Need to check novelty before this filing date? Find Prior Art

Description

Technical Field

[0001] This invention relates to the field of genetic engineering technology, specifically to tobacco. NtMYC2 Allelic mutants and their applications. Background Technology

[0002] MYC2 Transcription factors belong to the conserved bHLH (basic helix-loop-helix) family in plants, and play a central role in plant growth and development, environmental response, and secondary metabolism regulation. MYC2 Its most well-known function is integrating environmental and hormonal signals, particularly participating in the jasmonic acid (JA) signaling pathway, where it is responsible for regulating plant growth, development, resistance responses, and the accumulation of secondary metabolites (Pauwels, L., et al. (2009). Jasmonate-inducible gene: What does it mean? Trends Plant Sci, 14, 87-91.; Dombrecht, B., et al. (2007). MYC2 differentially modulates diverse jasmonate-dependent functions in Arabidopsis Plant Cell, 19, 2225-2245.). In Arabidopsis thaliana ( Arabidopsis thaliana In tobacco, AtMYC2 participates in regulating root elongation, leaf senescence, and the accumulation of various secondary metabolites. Its mechanisms include directly activating the promoter regions of downstream target genes to directly regulate their transcriptional levels, and indirectly regulating them by forming an interaction network with other transcription factor families. Nicotiana tabacum In *L.*, two homologous genes of MYC2, NtMYC2a and NtMYC2b, have been shown to be key transcription factors regulating nicotine biosynthesis, directly involved in tobacco pest and disease defense mechanisms and the growth and development of phenotypic traits (Zhang, Z., et al. (2012). Tobacco transcription factors NtMYC2a and NtMYC2b form nuclear complexes with the NtJAZ1 repressor and regulate multiple jasmonate-inducible steps in nicotine biosynthesis. *Molecular Plant*, 5, 73-84.).

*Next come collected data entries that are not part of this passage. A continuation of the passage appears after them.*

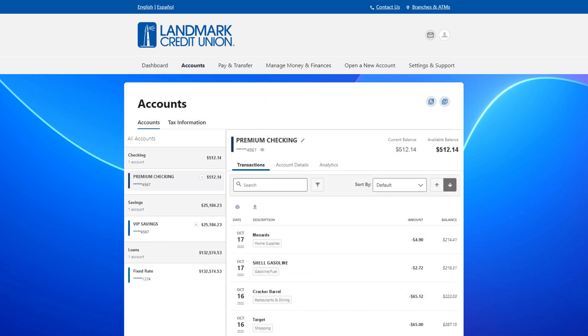Once you are in an account, you will see the last four digits of your account number underneath the account name. Click the eye icon to reveal your full account number.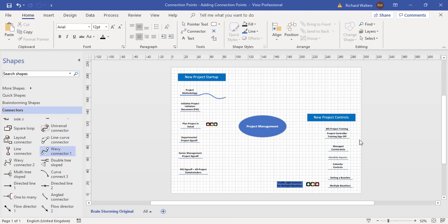In this training video, we're going to look at controlling connection points and adding connection points to Visio shapes. Right now I've got what's called a brainstorming shapes diagram.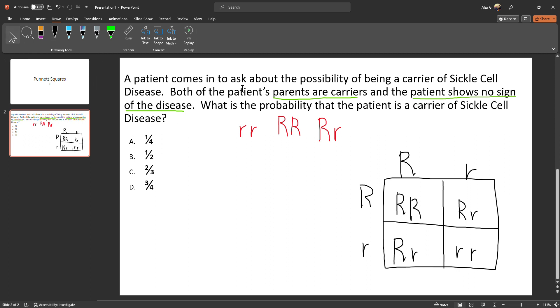Before I go through this, pick a guess to see which answer you think it is, then pause the video. Now that you've had a chance to try to solve the problem, let's go over it.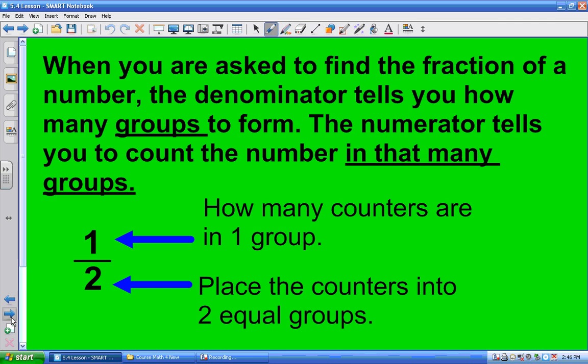When you're asked to find the fraction of a number, you have two things: the denominator and the numerator, and you have the whole number of items in the set or group. The numerator tells you how many counters are in one group. The denominator says place the counters into that many equal groups. So you're going to take all your counters, put them into groups, and then count how many are in one of those groups.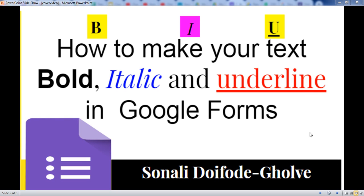Hello everyone, I am Sonali. In this video, I will show you how to do the formatting in Google Forms — how to make your text bold, italic, and how to use the underline option in Google Forms.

[0003] In cultivated tobacco, the total alkaloids mainly include nicotine, nornicotine, neonicotine, and pseudoeatidine. Nicotine is the most abundant component, typically accounting for 90%–95% of the total alkaloids. The remaining alkaloids, such as nornicotine, pseudoeatidine, and neonicotine, are present in relatively low amounts, accounting for only a small proportion. Nicotine biosynthesis in tobacco, as a classic model of plant secondary metabolism regulation, can be divided into two precursor pathways: the pyrrolidine ring originates from ornithine and arginine metabolism, and the pyridine ring originates from nicotinic acid or nicotinamide metabolism (Hibi, N., et al. (1994). Gene expression in tobacco low-nicotine mutants. The Plant Cell, 6, 723–735.). Key enzymes in the synthesis pathway include putrescine N-methyltransferase (N-methyltransferase). PMT ), catalyzing the conversion of putrescine to N-methylputrescine, is the rate-limiting step in nicotine biosynthesis; A622 participates in the coupling of the pyridine ring and the pyrrolidine ring to form nicotine precursors; nicotinic acid phosphoribosyltransferase (NPT) QPT These enzymes catalyze the formation of pyridine ring precursors. The expression of these enzymes is regulated by the JA signaling pathway. When tobacco plants are subjected to mechanical damage, insect feeding, or exogenous JA treatment, the nicotine biosynthesis genes in the plant are induced to express (Shoji, T., Kajikawa, M., & Hashimoto, T. (2010). Clustered transcription factor genes regulate nicotine biosynthesis in tobacco. Plant Cell, 22, 3390-3409.).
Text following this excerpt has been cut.